When death comes, if you’ve had practice in learning how not to identify with the things you’re been identifying with up to now, it’s going to be a lot easier to let them go. Then you can learn to look at the situation where you are at that moment: “Where are the escape routes here?” As Ajaan MahaBoowa told the woman who was dying of cancer, when the time comes, have a very clear sense of your awareness as something separate from the pain. Now, you don’t want to wait to the last moment to develop that sense. Develop it as much as you can while you’re still strong, realizing that your awareness of the pain is one thing, the pain itself is something else.

One way of helping this along is, when you see a pain in the body, to remind yourself that there are body sensations and there are pain sensations, and the two are different sorts of things. Body sensations are things like earth, water, wind, and fire; in other words, your sense of solidity, liquidity, warmth, energy in the body. That’s one level of sensation. Then there’s the actual pain sensation, which is another level of sensation. They’re there together, but they’re separate. You can learn how to see them as separate. That’s when you can really observe the pain. The problem is that we tend to glom these things together. If you glom the pain with the warmth, it becomes hot. If you glom it with a sense of solidity, it becomes solid, heavy. And then it’s just like a big immovable lump. But if you see that solidity is one thing and the pain is something else, the pain just seems to flit around. Even if it’s strong, it’s very erratic, and not nearly as monolithic and scary as it originally seemed.

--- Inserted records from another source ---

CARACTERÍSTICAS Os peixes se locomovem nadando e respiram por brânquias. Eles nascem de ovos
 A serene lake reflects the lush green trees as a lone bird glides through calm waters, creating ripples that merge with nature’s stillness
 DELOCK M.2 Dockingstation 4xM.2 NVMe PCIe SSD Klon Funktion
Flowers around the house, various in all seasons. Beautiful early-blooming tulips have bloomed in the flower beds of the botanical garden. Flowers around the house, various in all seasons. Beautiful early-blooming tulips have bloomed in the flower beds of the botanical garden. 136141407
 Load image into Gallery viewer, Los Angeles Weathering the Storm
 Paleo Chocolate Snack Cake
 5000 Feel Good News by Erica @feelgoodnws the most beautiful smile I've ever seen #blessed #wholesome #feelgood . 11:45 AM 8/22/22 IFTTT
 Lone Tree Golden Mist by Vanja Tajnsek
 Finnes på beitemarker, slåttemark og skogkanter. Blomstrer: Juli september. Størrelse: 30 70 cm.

So even though the pain may be there, you realize that it’s not the same sort of thing you thought it was. You can see that it’s something separate. The two things are there in the same place, but they’re different things, on different levels. Then you can apply the same principle to your awareness of both of the pain and the body sensations. The awareness is right there too, but it’s separate. Then when the time comes, you can ask yourself, “Which is going to stop first, the pain or the awareness?” And there’ll be an awareness in there that doesn’t do anything and doesn’t die. You have to peel away different layers of mental activity around it, but there is something in there that doesn’t die. You can be confident of that. Confident enough to let go of everything else.

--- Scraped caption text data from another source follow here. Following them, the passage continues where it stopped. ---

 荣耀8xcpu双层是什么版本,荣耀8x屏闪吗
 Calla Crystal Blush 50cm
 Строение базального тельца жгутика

This is why the Buddha has us develop equanimity, patience, and acceptance. It’s not the case that mere acceptance is all you need to do, or all you can do. If that were the case, there wouldn’t be four noble truths with four different duties. There’d be only one: There’s pain, suffering, stress, and your duty is to learn how to accept it. Once I heard someone say that the Buddha claimed to teach only one thing—pain and the ending of pain—meaning that in accepting the fact of pain, you’re doing all you can to put an end to pain. But that doesn’t really end the suffering. And that’s not what the Buddha taught at all. He didn’t claim to teach only one thing. He taught suffering and the end of suffering as two different things. There is a way out. There is an escape. Suffering does end. But you have to learn to accept where there is suffering and what’s causing it; you have to learn and accept the things you can change, the things you can’t. Then focus on what you can change to make your escape.

That’s what equanimity is for: so that you can find the escape. The more solid your mind is, the more clearly the escape will appear. So when you run into areas where you’re no longer in control, you no longer have the strength you used to have, look for where you still do have strengths. Make the most of them. Because it’s in that fighting spirit, your unwillingness to admit total defeat: That’s where freedom is found.